Working with Namespaces

Namespace if the term used to talk about keyspaces when dealing with the document API.

DocumentApiIntegrationTest is the unit test class for this API where you can find more sample usage of the SDK.

✅. List Namespaces Names

Stream<String> namespaces = apiDocClient.namespaceNames();

✅. List Namespaces objects

Reference Api documentation

Stream<Namespace> namespaces = apiDocClient.namespaces();

The Namespace class provides the replication factor and or the datacenter list for a namespace.

public class Keyspace {
    protected String name;
    protected Integer replicas;
    protected List<DataCenter> datacenters;

✅. Find Namespace by its name

Reference Api documentation

The parameter ns1 is here the unique identifier for the namespace

Optional<Namespace> ns1 = apiDocClient.namespace("ns1").find();

✅. Test if Namespace exists

apiDocClient.namespace("ns1").exist();

✅. Create Namespace

🚨 As of Today, in Astra, Namespaces and Keyspaces creations are only available at the DevOps API level or through the user interface.
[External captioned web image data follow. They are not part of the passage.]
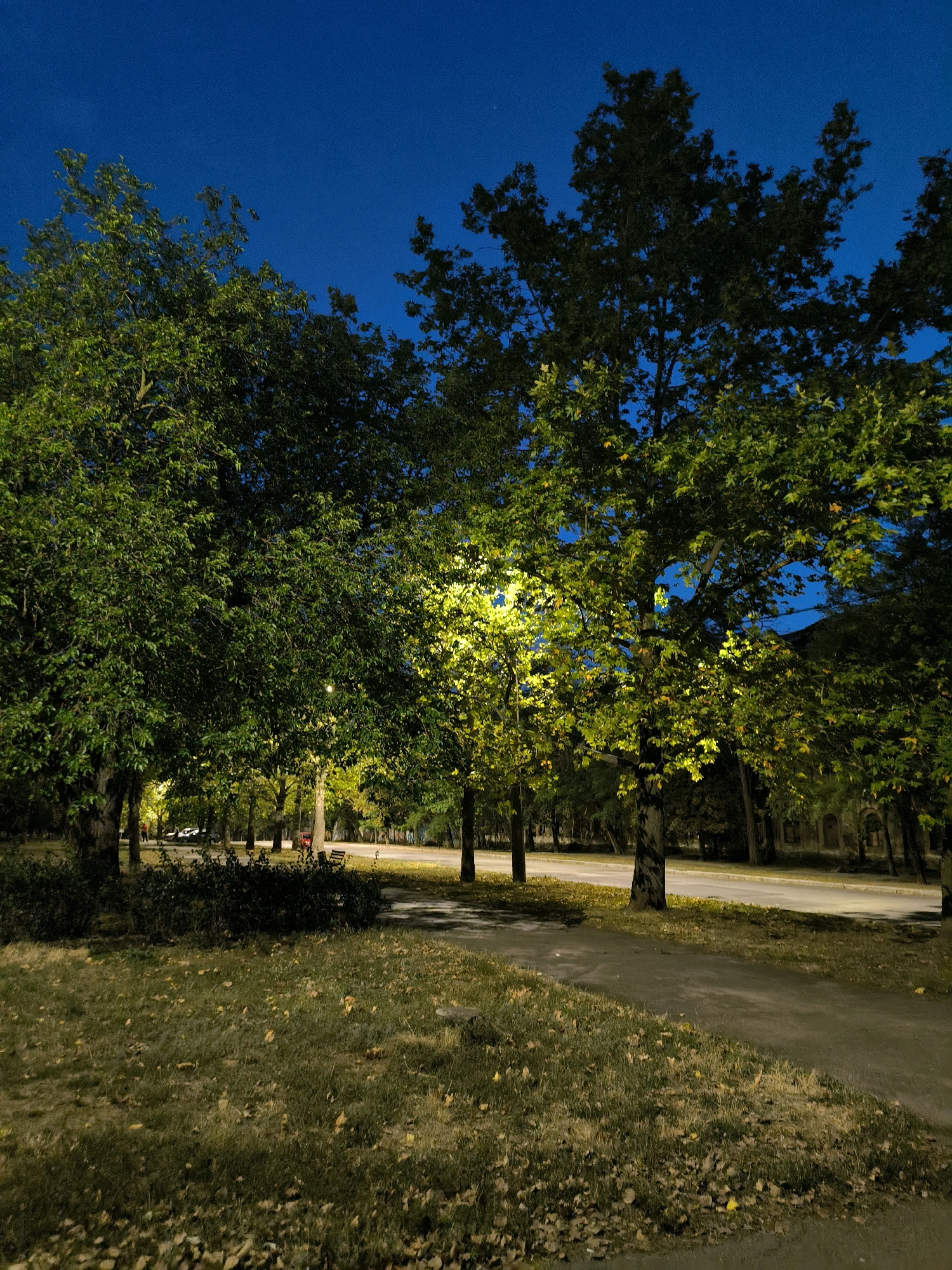 A low-angle, full shot captures a street scene at dusk in an unspecified urban location. The sky is a deep, clear blue, transitioning to darker tones as night falls. Tall trees, their leaves a vibrant green and tinged with yellow, dominate the foreground and middle ground, creating a dense canopy. A pathway, illuminated by streetlights that cast a warm, yellow glow, meanders through the park-like setting. The path is lined with grass and fallen leaves. In the background, a paved road stretches into the distance, with a few parked cars and distant buildings suggesting a residential or commercial area. The overall atmosphere is serene and quiet, evoking a sense of urban tranquility.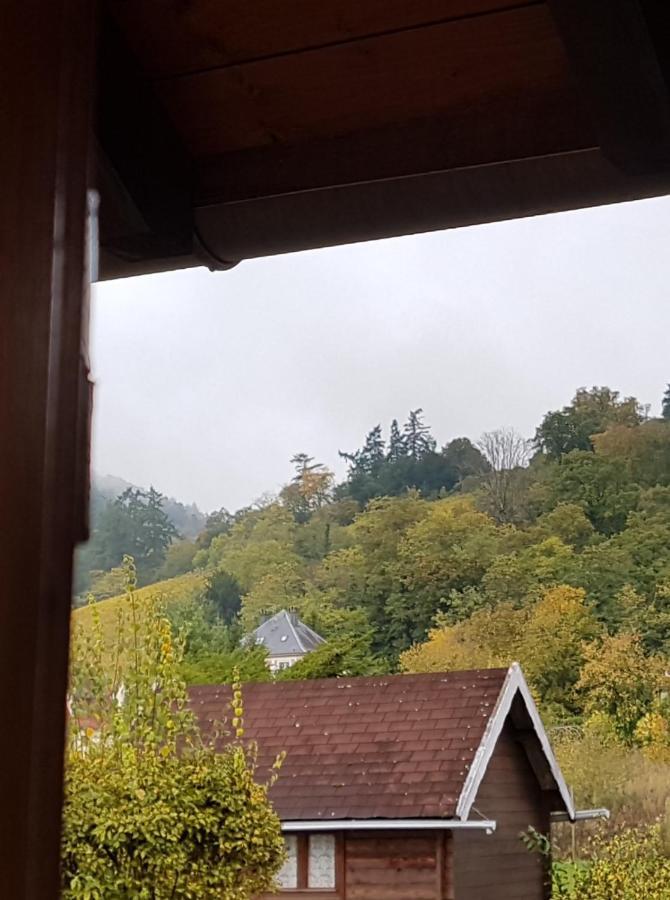 La Valeriane Appartement Kintzheim Buitenkant foto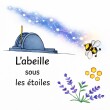L'abeille sous les étoiles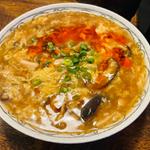 酸味と辛味のスープ麺（刀削麺・ごはん付き）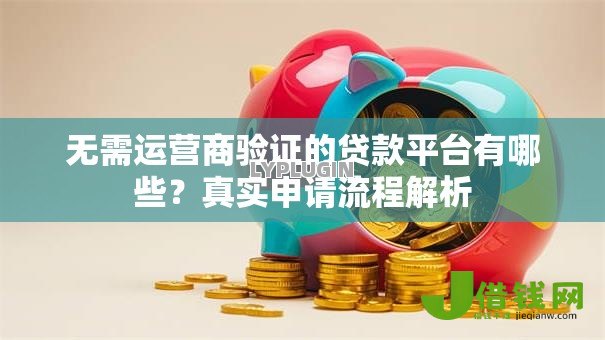 无需运营商验证的贷款平台有哪些？真实申请流程解析
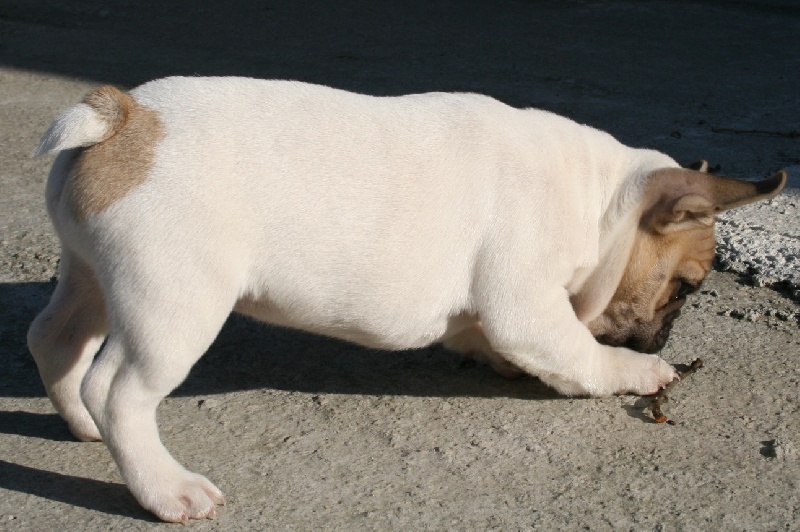 Publication : du vallon des furby's Auteur : M.Barra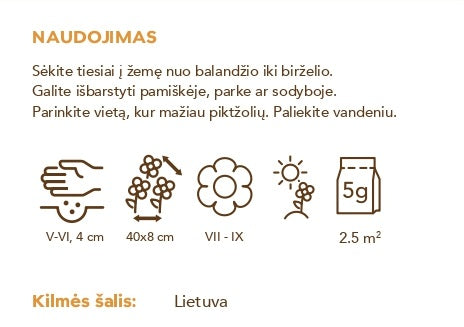 Kaip-seti-seklas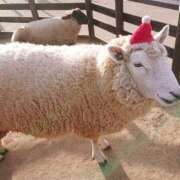 ヒメ日記 2025/12/02 21:41 投稿 岩佐ここな 松戸人妻花壇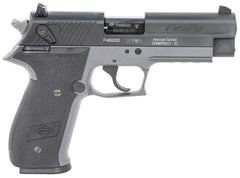 Shop the GSG FireFly 22 LR Semi-Auto Pistol with a 4” barrel and 10-round capacity. Features black serrated slide, smoke zinc alloy frame with accessory rail, adjustable sights, and ambidextrous safety—ideal for target practice and training.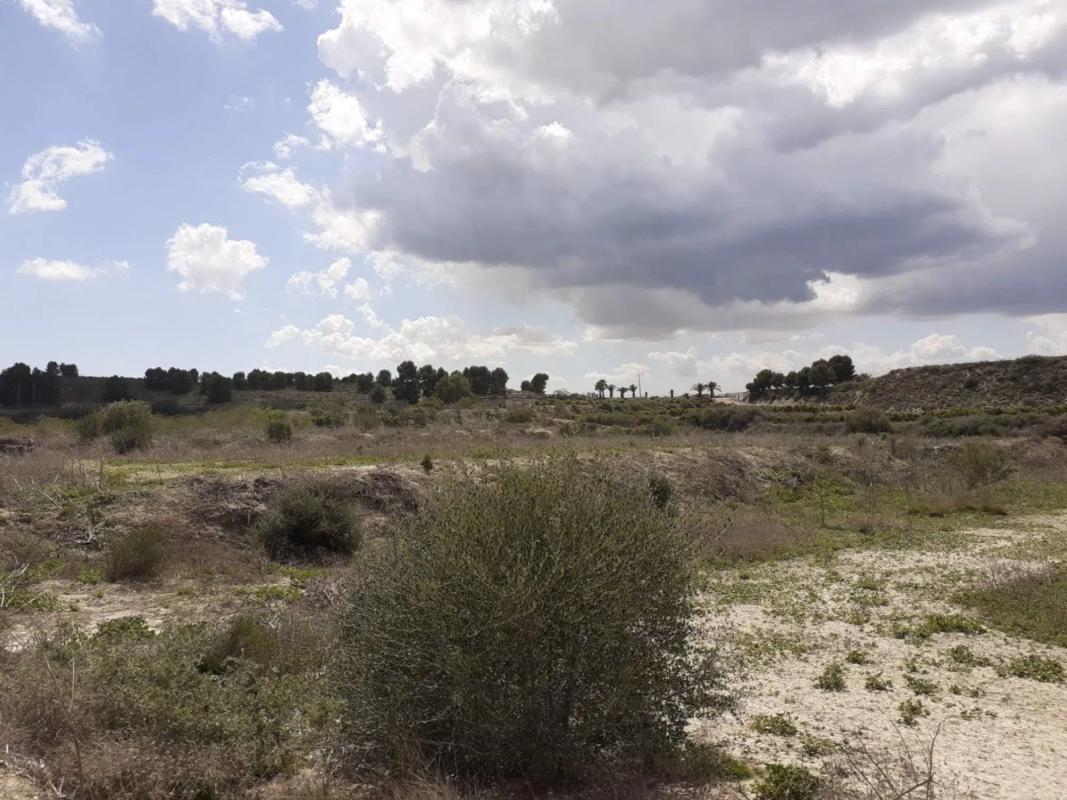 Terreno en venta en Orihuela, Alicante photo 4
// Create a namespace with a single DC dc-1
DataCenter dc1 = new DataCenter("dc-1", 1);
apiDocClient.namespace("ns1").create(dc1);

// Create a namespace providing only the replication factor
apiDocClient.namespace("ns1").createSimple(3);

✅. Delete a namespace

🚨 As of today the namespace / keyspace creations are not available in ASTRA

apiDocClient.namespace("ns1").delete();

ℹ️ Tips

You can simplify the code by assigning apiDocClient.namespace("ns1") to a NamespaceClient variable as shown below:

NamespaceClient ns1Client = astraClient.apiStargateDocument().namespace("ns1");
        
// Create if not exist
if (!ns1Client.exist()) {
  ns1Client.createSimple(3);
}
        
// Show datacenters where it lives
ns1Client.find().get().getDatacenters()
         .stream().map(DataCenter::getName)
         .forEach(System.out::println); 
        
// Delete 
ns1Client.delete();

Working with Collections

The related Api Documentation is available here

✅. Lists available Collection in namespace

// We can create a local variable to shorten the code.
NamespaceClient ns1Client = apiDocClient.namespace("ns1");
Stream<String> colNames   = ns1Client.collectionNames();

✅. Check if collection exists

CollectionClient col1Client = apiDocClient.namespace("ns1").collection("col1");
boolean colExist = col1Client.exist();

✅. Retrieve a collection from its name

Optional<CollectionDefinition> = apiDocClient.namespace("ns1").collection("col1").find();

✅. Create an empty collection

apiDocClient.namespace("ns1").collection("col1").create();

✅. Delete a collection

apiDocClient.namespace("ns1").collection("col1").delete();

ℹ️ Tips

You can simplify the code by assigning apiDocClient.namespace("ns1").collection("col1") to a variable CollectionClient

CollectionClient colClient = apiDocClient.namespace("ns1").collection("col1");
colClient.exist();
//...

In the following we consider than CollectionClient, colClient, has been initialized.

Working with Documents

📘. About Document

In Stargate Document API, documents are retrieved with a Json payload and unique identifier (UUID).

{
  "data": {
    "9e14db1c-0a05-47d2-9f27-df881f7f37ab": { "p1": "v1", "p2": "v2"},
    "9e14db1c-0a05-47d2-9f27-df881f7f37ac": { "p1": "v11", "p2": "v21"},
    "9e14db1c-0a05-47d2-9f27-df881f7f37ad": { "p1": "v12", "p2": "v22"}
  }
}

This SDK provides the class Document as a wrapper to give you both documentId (unique identifier) and document (payload).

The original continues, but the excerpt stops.